The loyalty apparatus: oaths, boards, and vetting
Beyond removing officers deemed disloyal, the administration has developed multiple mechanisms to ensure that military leadership demonstrates personal loyalty to Trump. Reports emerged in June 2025 that Secretary Hegseth and his inner circle were seriously considering requiring written loyalty oaths to the President from all active duty, reserve and National Guard officers at the field grade level and above—that is, Majors and above in the Army, Air Force, Marine Corps and Space Force, and Lieutenant Commanders and above in the Navy and Coast Guard. A senior officer reporting to the Military Religious Freedom Foundation stated that the proposal appeared "imminent" and represented the culmination of administration efforts to bind the officer corps to Trump personally rather than to their constitutional oaths.
Retired Brigadier General Walter Donovan, former senior lawyer in the Marine Corps, immediately recognized the historical parallels. In 1934, German military officers were required to swear personal loyalty oaths to Adolf Hitler rather than to Germany or its constitution. These oaths proved instrumental in binding the Wehrmacht to Hitler's person and policies, creating a sense of personal obligation that many officers cited when explaining their failure to resist illegal orders. Donovan advised officers that if ordered to sign loyalty oaths they should "do neither" sign nor resign, but rather stay in office and accept court martial if necessary, as they would be acquitted for not complying with an unconstitutional order. The requirement that military officers demonstrate personal loyalty to an individual leader rather than fidelity to law represents one of the defining characteristics distinguishing constitutional from authoritarian systems.
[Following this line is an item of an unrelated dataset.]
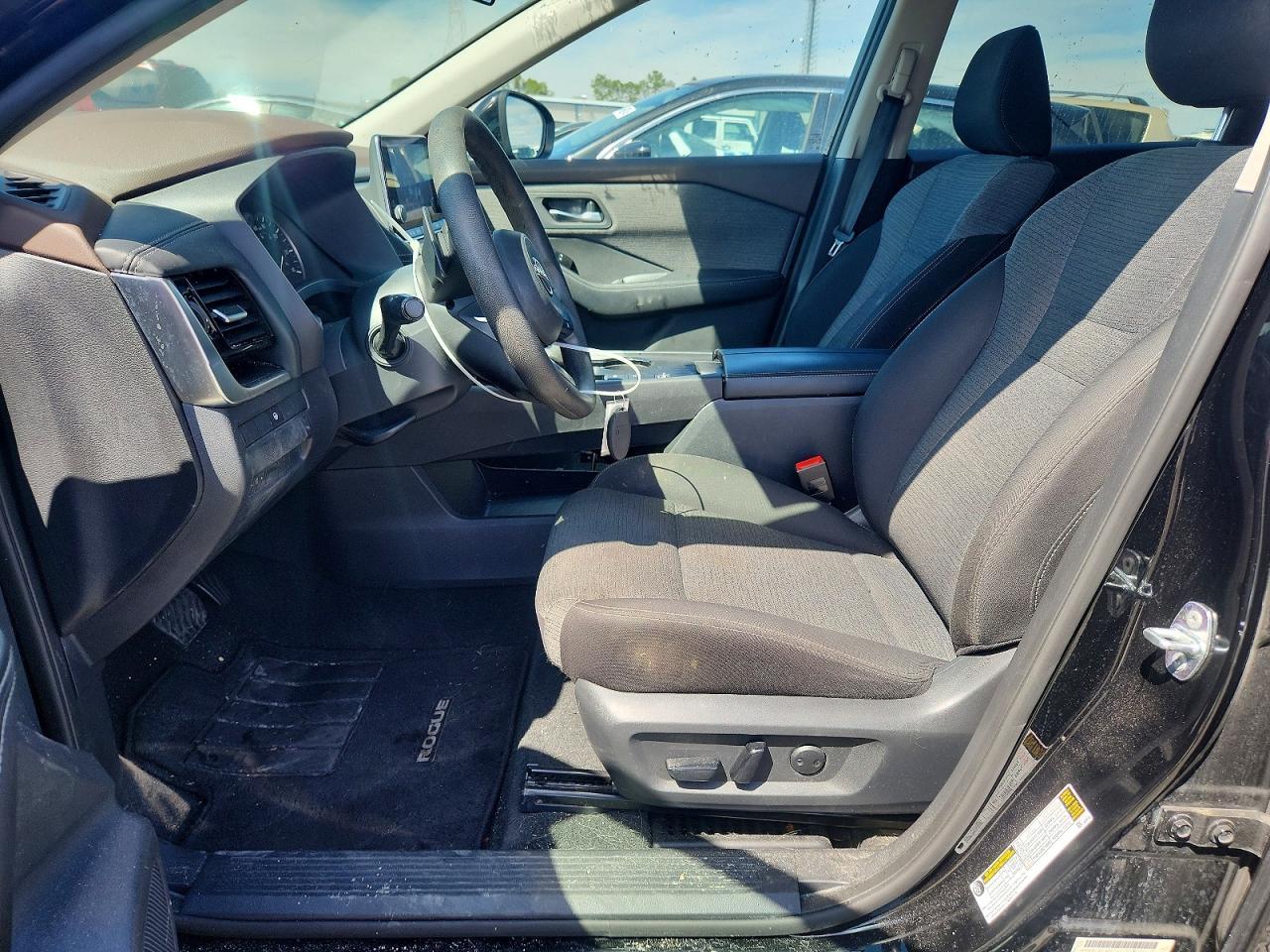 2022 Nissan Rogue Sv - zdjęcie 7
Before the June loyalty oath proposal became public, Trump's administration had already begun implementing more subtle loyalty screening mechanisms. By July 2025, Trump personally met with candidates for four-star promotions, a departure from traditional practice where the Secretary of Defense and Chairman of the Joint Chiefs manage such appointments subject to Senate confirmation. A White House spokesperson justified these meetings as ensuring military leaders were qualified, but civilian-military relations experts noted that the meetings created obvious opportunities to assess political loyalty. Professor Lindsay Cohn of the Naval War College observed that the practice "will give the impression, both to the military itself and to the public, that this is a personal loyalty test and that people will be selected based on how personally loyal they can convince him they are."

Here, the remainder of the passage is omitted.